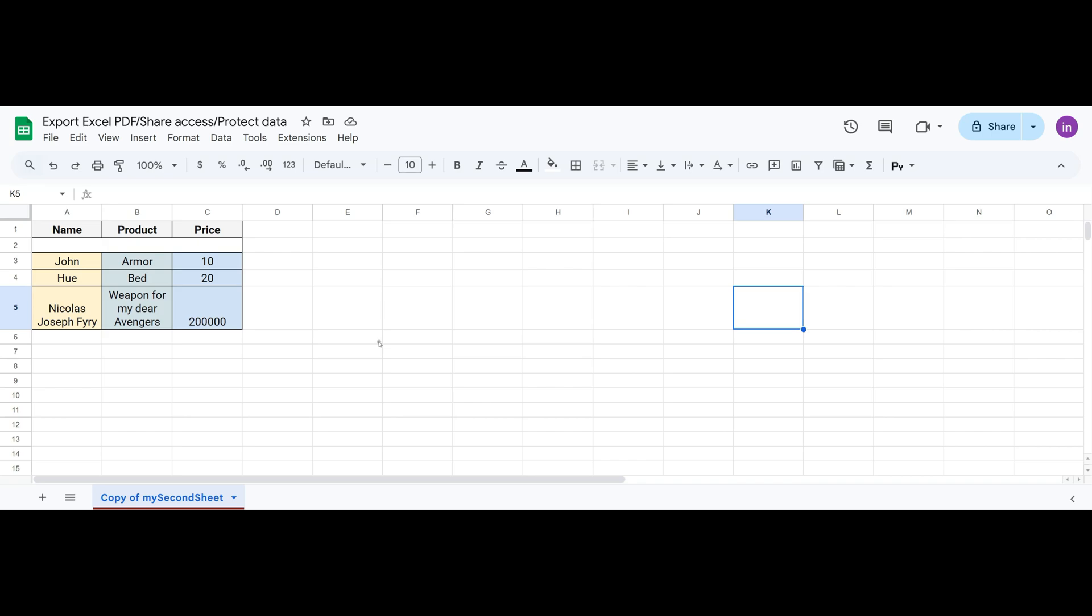Hello everyone, you're on the InGoogleSheets channel and today we have the third lesson of the Google Sheets for Beginners course. We continue exploring the basic functions of Google Sheets.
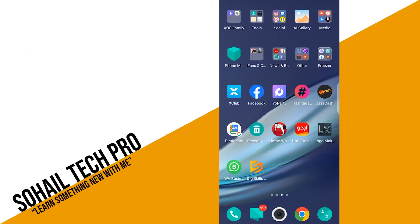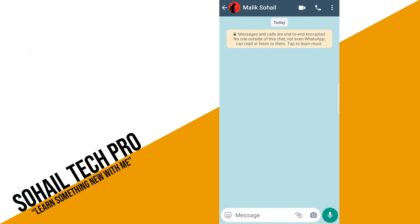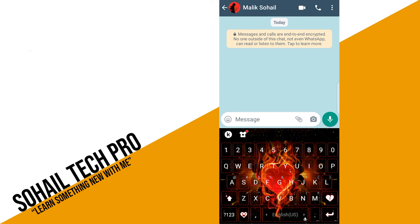I am now on my mobile screen and simply opening my WhatsApp. My WhatsApp is open. Now I will type and show you how to bold your text.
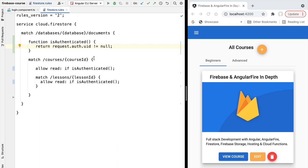Let's now continue learning about security rules and see how we can use them to add data validation to the data inserted in our database — similar to what you'd get with a schema definition in a traditional SQL database.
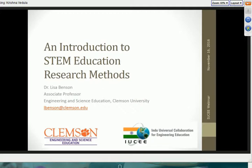We have with us Dr. Lisa Benson, who is a professor at Clemson University. I will ask her to introduce herself in just a minute. The topic is Introduction to STEM Education Research Methods. STEM stands for Science, Technology, Engineering, and Mathematics. Some of the research methods are fairly common to all these four areas. Indo-Universal Collaboration Education has been trying to promote engineering education research among a large number of colleges throughout India in the last several years. We've had conferences on transformations in education where many of you have published research in engineering education. So here's an introduction from one of the experts in the world, Dr. Lisa Benson. Over to you, Lisa — it's yours.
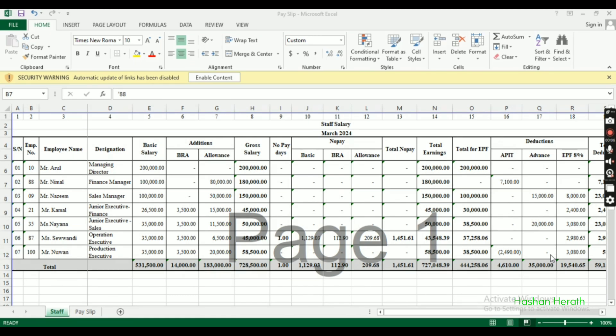Today we're going to look at how to use Excel to create a salary slip. We'll use the VLOOKUP function to automatically pull employee data into a payslip format.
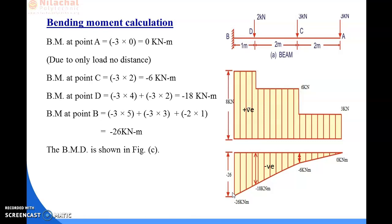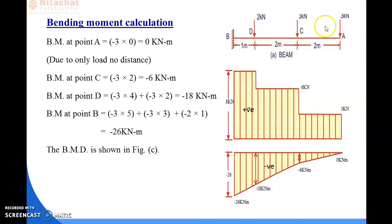So the shear force calculation and bending moment calculation for this cantilever beam subjected to three different kinds of point loads is complete. In the next class we will discuss another numerical based on the UDL case in a cantilever beam. So that's all for today, thank you.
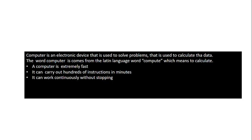The word computer comes from the Latin language word 'compute' which means to calculate. A computer is extremely fast. It can carry out hundreds of instructions in minutes. It can work continuously without stopping.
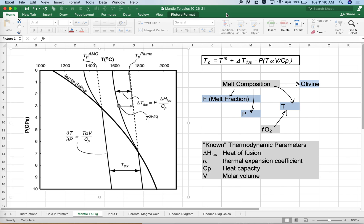Hey everybody. In this video we're going to take a look at the idea of calculating a mantle potential temperature — the idea behind it. Then we'll come back in another video and look at this spreadsheet, mantle tp calcs, to see the mechanics of doing so.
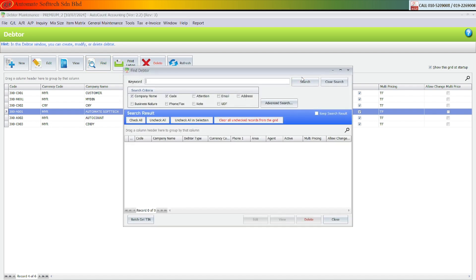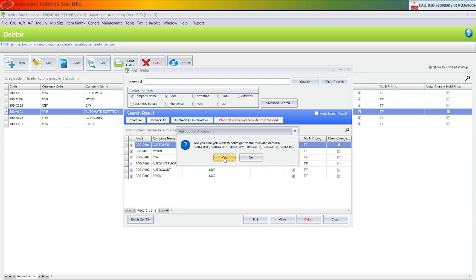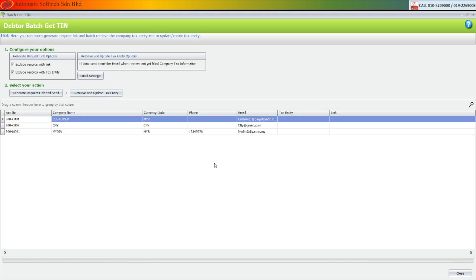For the second step, click the batch get. Click yes. It will only show remaining without team number, so your team is empty.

= = = =

* [REQUIRED WORK]: If a picture falls within the span, leave it out, and reproduce exactly the lines from the one containing "The word computer" through the end of the material, and no others.

* [WRITTEN ANSWER]:
The word computer comes from the Latin language word 'compute' which means to calculate. A computer is extremely fast. It can carry out hundreds of instructions in minutes. It can work continuously without stopping.
Hey everybody. In this video we're going to take a look at the idea of calculating a mantle potential temperature — the idea behind it. Then we'll come back in another video and look at this spreadsheet, mantle tp calcs, to see the mechanics of doing so.
For the second step, click the batch get. Click yes. It will only show remaining without team number, so your team is empty.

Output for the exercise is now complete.